_What is needed_. Retype every entry below without altering anything.

_Provided data_.
----
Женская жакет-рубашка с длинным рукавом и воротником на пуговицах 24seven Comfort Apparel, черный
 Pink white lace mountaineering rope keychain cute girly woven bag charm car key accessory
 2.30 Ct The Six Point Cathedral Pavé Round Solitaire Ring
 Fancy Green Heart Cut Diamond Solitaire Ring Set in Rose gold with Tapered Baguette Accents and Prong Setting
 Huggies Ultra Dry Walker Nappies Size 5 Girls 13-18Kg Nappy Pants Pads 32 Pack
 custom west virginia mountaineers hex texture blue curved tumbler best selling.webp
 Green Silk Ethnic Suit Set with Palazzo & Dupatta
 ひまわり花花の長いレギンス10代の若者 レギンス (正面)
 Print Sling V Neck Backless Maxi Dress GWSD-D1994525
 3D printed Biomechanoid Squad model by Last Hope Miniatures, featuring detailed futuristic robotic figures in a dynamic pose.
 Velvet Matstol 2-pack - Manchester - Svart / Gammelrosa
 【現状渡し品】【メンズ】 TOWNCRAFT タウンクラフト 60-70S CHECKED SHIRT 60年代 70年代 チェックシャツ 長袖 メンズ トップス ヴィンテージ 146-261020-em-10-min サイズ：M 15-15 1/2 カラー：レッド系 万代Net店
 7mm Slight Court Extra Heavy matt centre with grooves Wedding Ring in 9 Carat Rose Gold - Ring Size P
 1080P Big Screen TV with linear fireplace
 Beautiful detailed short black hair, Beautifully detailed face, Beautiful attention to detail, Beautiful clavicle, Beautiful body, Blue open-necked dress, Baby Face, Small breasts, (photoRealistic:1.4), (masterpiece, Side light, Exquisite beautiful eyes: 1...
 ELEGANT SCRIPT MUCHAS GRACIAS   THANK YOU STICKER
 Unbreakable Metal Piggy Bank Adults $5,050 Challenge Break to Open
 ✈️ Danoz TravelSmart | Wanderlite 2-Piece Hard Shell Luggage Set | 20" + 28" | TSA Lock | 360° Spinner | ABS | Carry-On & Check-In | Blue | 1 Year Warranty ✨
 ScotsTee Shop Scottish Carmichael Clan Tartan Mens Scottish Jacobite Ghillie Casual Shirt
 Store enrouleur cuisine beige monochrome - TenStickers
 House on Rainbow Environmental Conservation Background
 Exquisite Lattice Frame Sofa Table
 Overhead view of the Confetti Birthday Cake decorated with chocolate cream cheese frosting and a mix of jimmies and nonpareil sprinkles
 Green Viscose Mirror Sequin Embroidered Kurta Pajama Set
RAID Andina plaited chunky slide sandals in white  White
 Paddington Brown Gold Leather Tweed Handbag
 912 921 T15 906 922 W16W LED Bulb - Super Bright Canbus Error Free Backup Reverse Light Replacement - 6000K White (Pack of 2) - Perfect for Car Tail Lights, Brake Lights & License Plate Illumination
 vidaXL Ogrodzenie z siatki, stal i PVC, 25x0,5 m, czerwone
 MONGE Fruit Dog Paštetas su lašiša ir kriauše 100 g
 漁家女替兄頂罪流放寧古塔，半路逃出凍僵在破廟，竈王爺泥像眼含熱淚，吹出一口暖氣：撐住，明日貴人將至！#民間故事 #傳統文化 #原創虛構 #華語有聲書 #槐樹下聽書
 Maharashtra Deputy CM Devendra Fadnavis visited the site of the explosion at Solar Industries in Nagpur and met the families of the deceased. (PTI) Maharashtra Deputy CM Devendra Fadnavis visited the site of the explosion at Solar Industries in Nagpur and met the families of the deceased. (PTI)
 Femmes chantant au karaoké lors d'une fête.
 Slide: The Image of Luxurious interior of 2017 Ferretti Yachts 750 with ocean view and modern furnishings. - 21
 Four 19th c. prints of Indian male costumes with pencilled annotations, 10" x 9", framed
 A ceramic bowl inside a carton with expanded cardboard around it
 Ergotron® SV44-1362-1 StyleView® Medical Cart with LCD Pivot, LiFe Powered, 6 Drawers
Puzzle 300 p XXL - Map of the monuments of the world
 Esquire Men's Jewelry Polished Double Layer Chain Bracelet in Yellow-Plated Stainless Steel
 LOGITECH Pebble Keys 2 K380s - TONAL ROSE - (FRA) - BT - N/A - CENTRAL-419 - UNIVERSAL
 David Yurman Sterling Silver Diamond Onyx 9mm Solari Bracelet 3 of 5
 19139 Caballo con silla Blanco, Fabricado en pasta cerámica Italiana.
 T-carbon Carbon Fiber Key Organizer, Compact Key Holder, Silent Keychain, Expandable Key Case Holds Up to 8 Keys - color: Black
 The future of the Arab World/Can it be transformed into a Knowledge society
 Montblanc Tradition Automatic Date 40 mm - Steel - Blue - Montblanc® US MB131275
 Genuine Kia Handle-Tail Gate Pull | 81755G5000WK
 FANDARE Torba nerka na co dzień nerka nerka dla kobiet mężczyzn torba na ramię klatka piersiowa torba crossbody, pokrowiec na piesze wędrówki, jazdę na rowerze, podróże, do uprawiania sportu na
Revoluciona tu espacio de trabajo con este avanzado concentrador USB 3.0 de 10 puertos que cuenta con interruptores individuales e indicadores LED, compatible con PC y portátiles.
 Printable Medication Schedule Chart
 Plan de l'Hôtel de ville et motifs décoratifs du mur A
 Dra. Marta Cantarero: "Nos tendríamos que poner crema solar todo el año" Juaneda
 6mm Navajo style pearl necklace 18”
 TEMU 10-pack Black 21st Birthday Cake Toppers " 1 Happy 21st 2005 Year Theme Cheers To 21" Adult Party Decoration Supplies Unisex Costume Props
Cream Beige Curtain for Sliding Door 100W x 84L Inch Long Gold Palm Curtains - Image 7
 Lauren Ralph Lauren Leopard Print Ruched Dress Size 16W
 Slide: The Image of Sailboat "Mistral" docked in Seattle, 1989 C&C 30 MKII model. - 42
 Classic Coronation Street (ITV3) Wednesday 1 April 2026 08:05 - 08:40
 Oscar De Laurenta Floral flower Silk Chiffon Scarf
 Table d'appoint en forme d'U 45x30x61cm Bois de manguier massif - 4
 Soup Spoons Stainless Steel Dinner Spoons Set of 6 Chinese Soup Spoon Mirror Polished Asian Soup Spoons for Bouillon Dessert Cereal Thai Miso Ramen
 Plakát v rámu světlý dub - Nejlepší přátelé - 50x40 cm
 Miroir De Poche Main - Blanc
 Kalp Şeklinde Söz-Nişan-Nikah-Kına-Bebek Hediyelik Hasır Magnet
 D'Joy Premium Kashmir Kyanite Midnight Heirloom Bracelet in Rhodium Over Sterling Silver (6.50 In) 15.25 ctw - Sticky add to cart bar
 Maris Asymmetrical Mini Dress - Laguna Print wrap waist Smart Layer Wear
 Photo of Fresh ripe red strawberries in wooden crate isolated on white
----
_Answer to the problem_.
Женская жакет-рубашка с длинным рукавом и воротником на пуговицах 24seven Comfort Apparel, черный
 Pink white lace mountaineering rope keychain cute girly woven bag charm car key accessory
 2.30 Ct The Six Point Cathedral Pavé Round Solitaire Ring
 Fancy Green Heart Cut Diamond Solitaire Ring Set in Rose gold with Tapered Baguette Accents and Prong Setting
 Huggies Ultra Dry Walker Nappies Size 5 Girls 13-18Kg Nappy Pants Pads 32 Pack
 custom west virginia mountaineers hex texture blue curved tumbler best selling.webp
 Green Silk Ethnic Suit Set with Palazzo & Dupatta
 ひまわり花花の長いレギンス10代の若者 レギンス (正面)
 Print Sling V Neck Backless Maxi Dress GWSD-D1994525
 3D printed Biomechanoid Squad model by Last Hope Miniatures, featuring detailed futuristic robotic figures in a dynamic pose.
 Velvet Matstol 2-pack - Manchester - Svart / Gammelrosa
 【現状渡し品】【メンズ】 TOWNCRAFT タウンクラフト 60-70S CHECKED SHIRT 60年代 70年代 チェックシャツ 長袖 メンズ トップス ヴィンテージ 146-261020-em-10-min サイズ：M 15-15 1/2 カラー：レッド系 万代Net店
 7mm Slight Court Extra Heavy matt centre with grooves Wedding Ring in 9 Carat Rose Gold - Ring Size P
 1080P Big Screen TV with linear fireplace
 Beautiful detailed short black hair, Beautifully detailed face, Beautiful attention to detail, Beautiful clavicle, Beautiful body, Blue open-necked dress, Baby Face, Small breasts, (photoRealistic:1.4), (masterpiece, Side light, Exquisite beautiful eyes: 1...
 ELEGANT SCRIPT MUCHAS GRACIAS   THANK YOU STICKER
 Unbreakable Metal Piggy Bank Adults $5,050 Challenge Break to Open
 ✈️ Danoz TravelSmart | Wanderlite 2-Piece Hard Shell Luggage Set | 20" + 28" | TSA Lock | 360° Spinner | ABS | Carry-On & Check-In | Blue | 1 Year Warranty ✨
 ScotsTee Shop Scottish Carmichael Clan Tartan Mens Scottish Jacobite Ghillie Casual Shirt
 Store enrouleur cuisine beige monochrome - TenStickers
 House on Rainbow Environmental Conservation Background
 Exquisite Lattice Frame Sofa Table
 Overhead view of the Confetti Birthday Cake decorated with chocolate cream cheese frosting and a mix of jimmies and nonpareil sprinkles
 Green Viscose Mirror Sequin Embroidered Kurta Pajama Set
RAID Andina plaited chunky slide sandals in white  White
 Paddington Brown Gold Leather Tweed Handbag
 912 921 T15 906 922 W16W LED Bulb - Super Bright Canbus Error Free Backup Reverse Light Replacement - 6000K White (Pack of 2) - Perfect for Car Tail Lights, Brake Lights & License Plate Illumination
 vidaXL Ogrodzenie z siatki, stal i PVC, 25x0,5 m, czerwone
 MONGE Fruit Dog Paštetas su lašiša ir kriauše 100 g
 漁家女替兄頂罪流放寧古塔，半路逃出凍僵在破廟，竈王爺泥像眼含熱淚，吹出一口暖氣：撐住，明日貴人將至！#民間故事 #傳統文化 #原創虛構 #華語有聲書 #槐樹下聽書
 Maharashtra Deputy CM Devendra Fadnavis visited the site of the explosion at Solar Industries in Nagpur and met the families of the deceased. (PTI) Maharashtra Deputy CM Devendra Fadnavis visited the site of the explosion at Solar Industries in Nagpur and met the families of the deceased. (PTI)
 Femmes chantant au karaoké lors d'une fête.
 Slide: The Image of Luxurious interior of 2017 Ferretti Yachts 750 with ocean view and modern furnishings. - 21
 Four 19th c. prints of Indian male costumes with pencilled annotations, 10" x 9", framed
 A ceramic bowl inside a carton with expanded cardboard around it
 Ergotron® SV44-1362-1 StyleView® Medical Cart with LCD Pivot, LiFe Powered, 6 Drawers
Puzzle 300 p XXL - Map of the monuments of the world
 Esquire Men's Jewelry Polished Double Layer Chain Bracelet in Yellow-Plated Stainless Steel
 LOGITECH Pebble Keys 2 K380s - TONAL ROSE - (FRA) - BT - N/A - CENTRAL-419 - UNIVERSAL
 David Yurman Sterling Silver Diamond Onyx 9mm Solari Bracelet 3 of 5
 19139 Caballo con silla Blanco, Fabricado en pasta cerámica Italiana.
 T-carbon Carbon Fiber Key Organizer, Compact Key Holder, Silent Keychain, Expandable Key Case Holds Up to 8 Keys - color: Black
 The future of the Arab World/Can it be transformed into a Knowledge society
 Montblanc Tradition Automatic Date 40 mm - Steel - Blue - Montblanc® US MB131275
 Genuine Kia Handle-Tail Gate Pull | 81755G5000WK
 FANDARE Torba nerka na co dzień nerka nerka dla kobiet mężczyzn torba na ramię klatka piersiowa torba crossbody, pokrowiec na piesze wędrówki, jazdę na rowerze, podróże, do uprawiania sportu na
Revoluciona tu espacio de trabajo con este avanzado concentrador USB 3.0 de 10 puertos que cuenta con interruptores individuales e indicadores LED, compatible con PC y portátiles.
 Printable Medication Schedule Chart
 Plan de l'Hôtel de ville et motifs décoratifs du mur A
 Dra. Marta Cantarero: "Nos tendríamos que poner crema solar todo el año" Juaneda
 6mm Navajo style pearl necklace 18”
 TEMU 10-pack Black 21st Birthday Cake Toppers " 1 Happy 21st 2005 Year Theme Cheers To 21" Adult Party Decoration Supplies Unisex Costume Props
Cream Beige Curtain for Sliding Door 100W x 84L Inch Long Gold Palm Curtains - Image 7
 Lauren Ralph Lauren Leopard Print Ruched Dress Size 16W
 Slide: The Image of Sailboat "Mistral" docked in Seattle, 1989 C&C 30 MKII model. - 42
 Classic Coronation Street (ITV3) Wednesday 1 April 2026 08:05 - 08:40
 Oscar De Laurenta Floral flower Silk Chiffon Scarf
 Table d'appoint en forme d'U 45x30x61cm Bois de manguier massif - 4
 Soup Spoons Stainless Steel Dinner Spoons Set of 6 Chinese Soup Spoon Mirror Polished Asian Soup Spoons for Bouillon Dessert Cereal Thai Miso Ramen
 Plakát v rámu světlý dub - Nejlepší přátelé - 50x40 cm
 Miroir De Poche Main - Blanc
 Kalp Şeklinde Söz-Nişan-Nikah-Kına-Bebek Hediyelik Hasır Magnet
 D'Joy Premium Kashmir Kyanite Midnight Heirloom Bracelet in Rhodium Over Sterling Silver (6.50 In) 15.25 ctw - Sticky add to cart bar
 Maris Asymmetrical Mini Dress - Laguna Print wrap waist Smart Layer Wear
 Photo of Fresh ripe red strawberries in wooden crate isolated on white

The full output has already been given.